SOURCE DATA:
[Start of section]
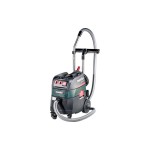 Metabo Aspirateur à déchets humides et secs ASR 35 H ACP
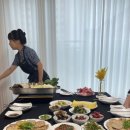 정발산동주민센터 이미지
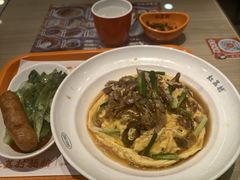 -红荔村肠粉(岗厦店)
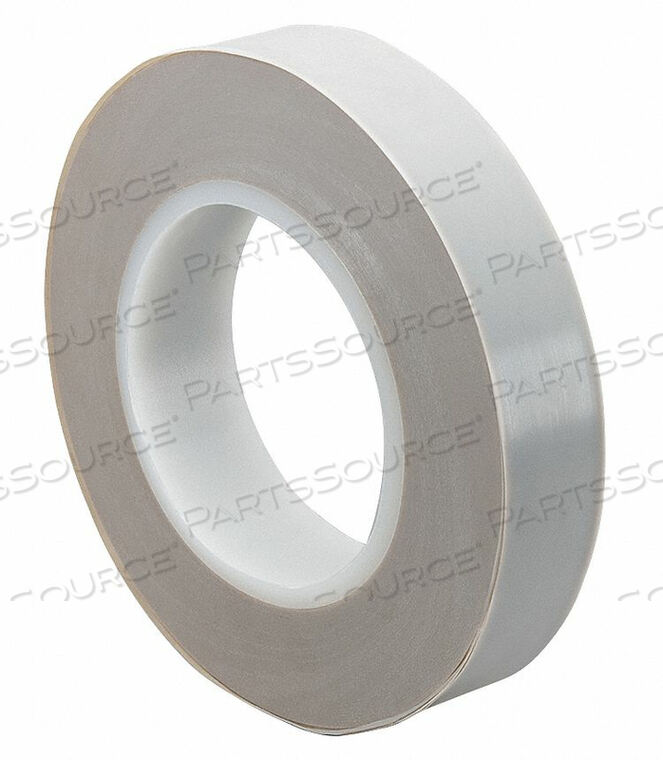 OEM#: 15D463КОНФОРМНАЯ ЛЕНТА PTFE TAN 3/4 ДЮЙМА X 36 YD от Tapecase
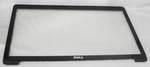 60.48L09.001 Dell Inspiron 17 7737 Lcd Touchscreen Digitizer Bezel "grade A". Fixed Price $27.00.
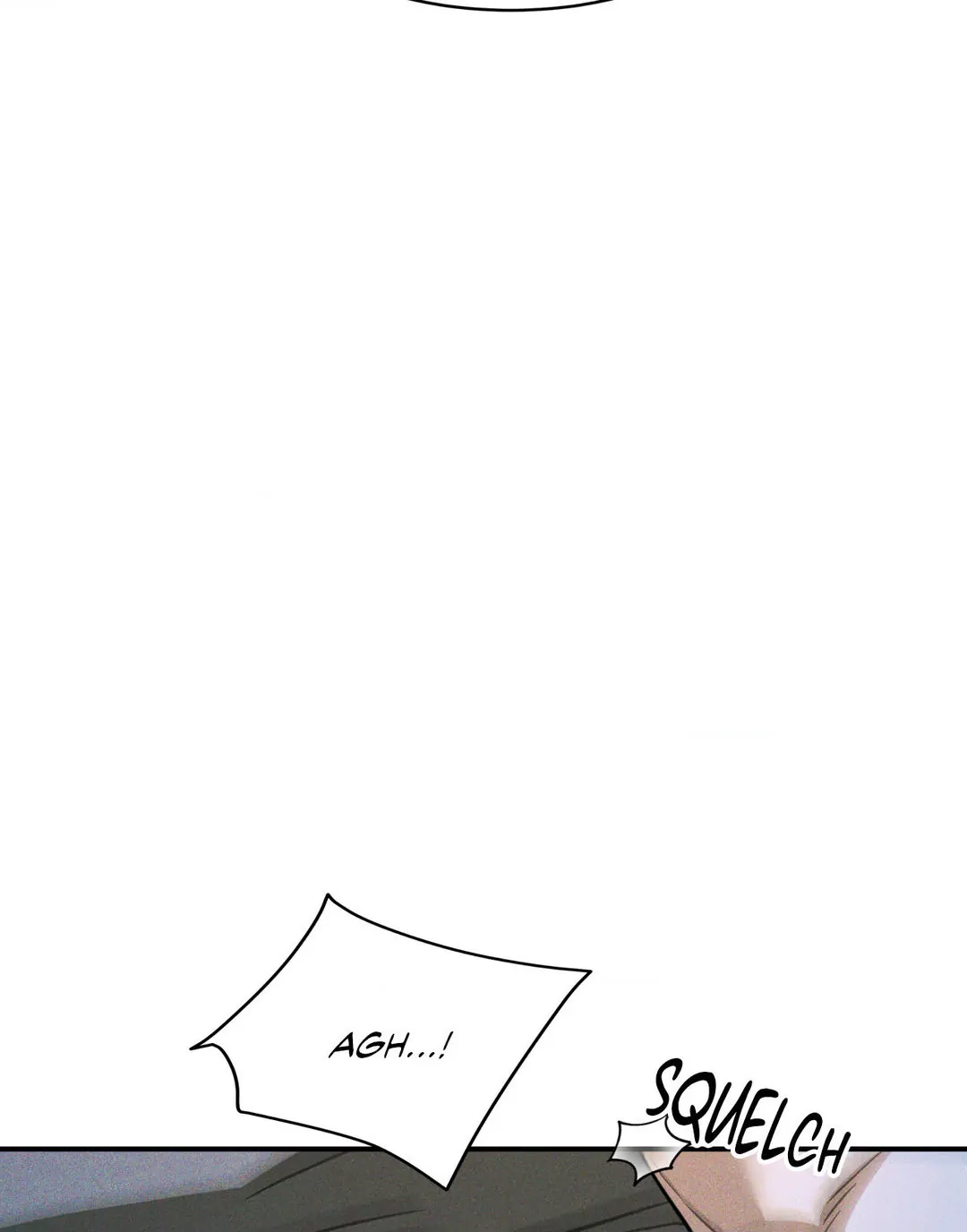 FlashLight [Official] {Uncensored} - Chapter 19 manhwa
[End of section]
[Start of section]
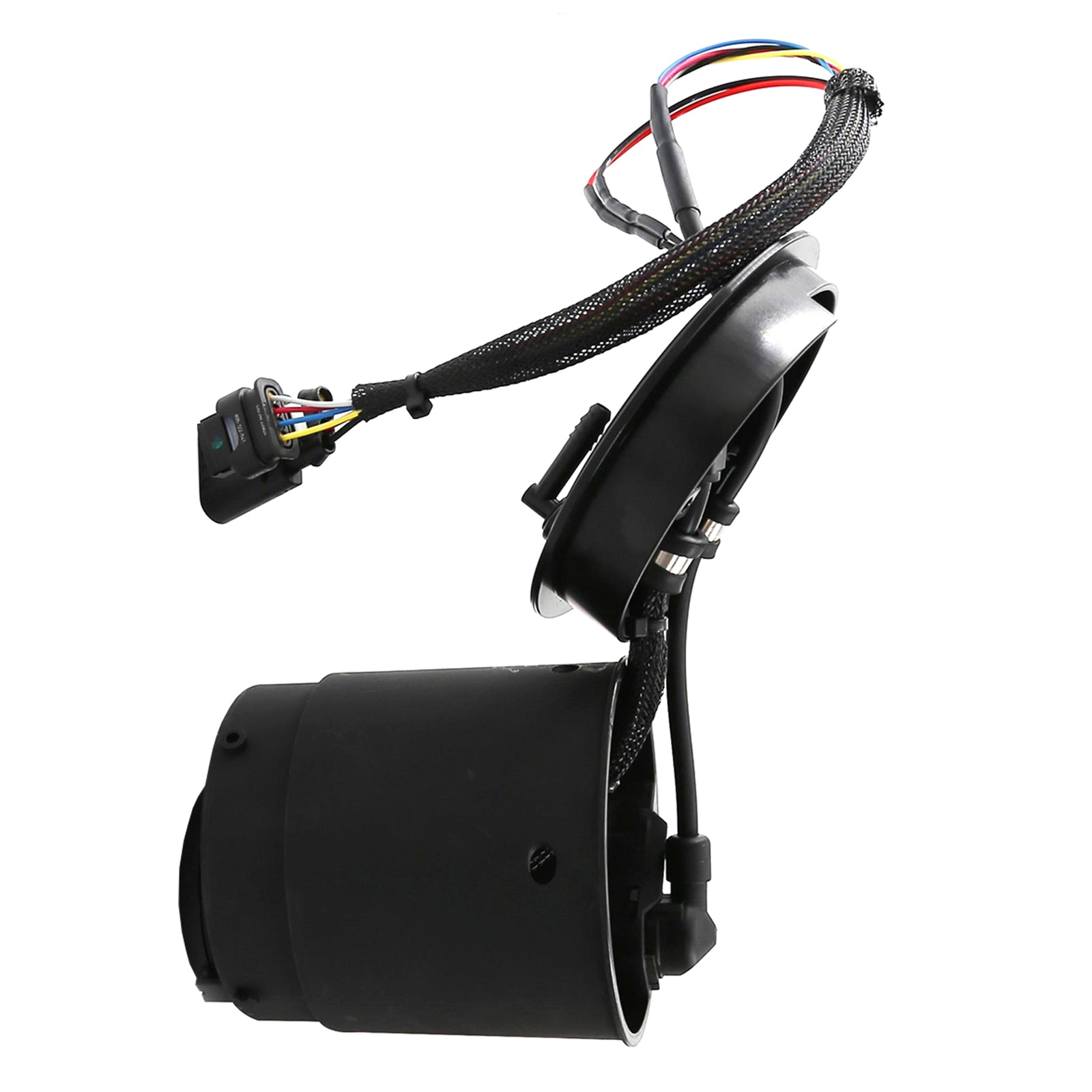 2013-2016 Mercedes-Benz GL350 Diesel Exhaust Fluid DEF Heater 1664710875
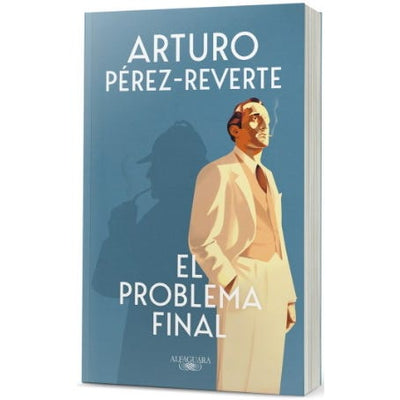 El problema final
[End of section]
[Start of section]
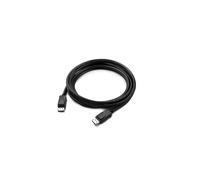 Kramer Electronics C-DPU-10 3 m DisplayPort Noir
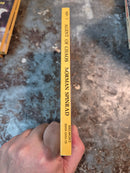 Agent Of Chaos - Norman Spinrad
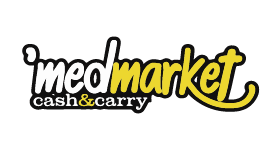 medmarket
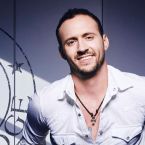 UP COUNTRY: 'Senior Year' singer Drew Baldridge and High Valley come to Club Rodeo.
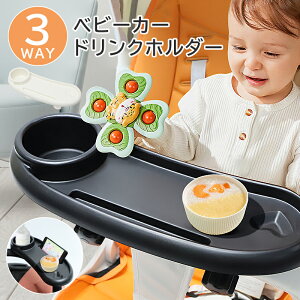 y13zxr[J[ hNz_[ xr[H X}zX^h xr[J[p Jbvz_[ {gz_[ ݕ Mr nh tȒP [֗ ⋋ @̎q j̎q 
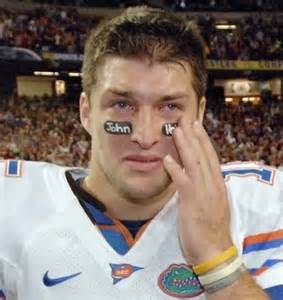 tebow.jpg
[End of section]
Nothing but the lines above from the one that has "Metabo Aspirateur à" down to the one that has "Chapter 19 manhwa" belongs in the answer, copied exactly, without pictures.

 Metabo Aspirateur à déchets humides et secs ASR 35 H ACP
 정발산동주민센터 이미지
 -红荔村肠粉(岗厦店)
 OEM#: 15D463КОНФОРМНАЯ ЛЕНТА PTFE TAN 3/4 ДЮЙМА X 36 YD от Tapecase
 60.48L09.001 Dell Inspiron 17 7737 Lcd Touchscreen Digitizer Bezel "grade A". Fixed Price $27.00.
 FlashLight [Official] {Uncensored} - Chapter 19 manhwa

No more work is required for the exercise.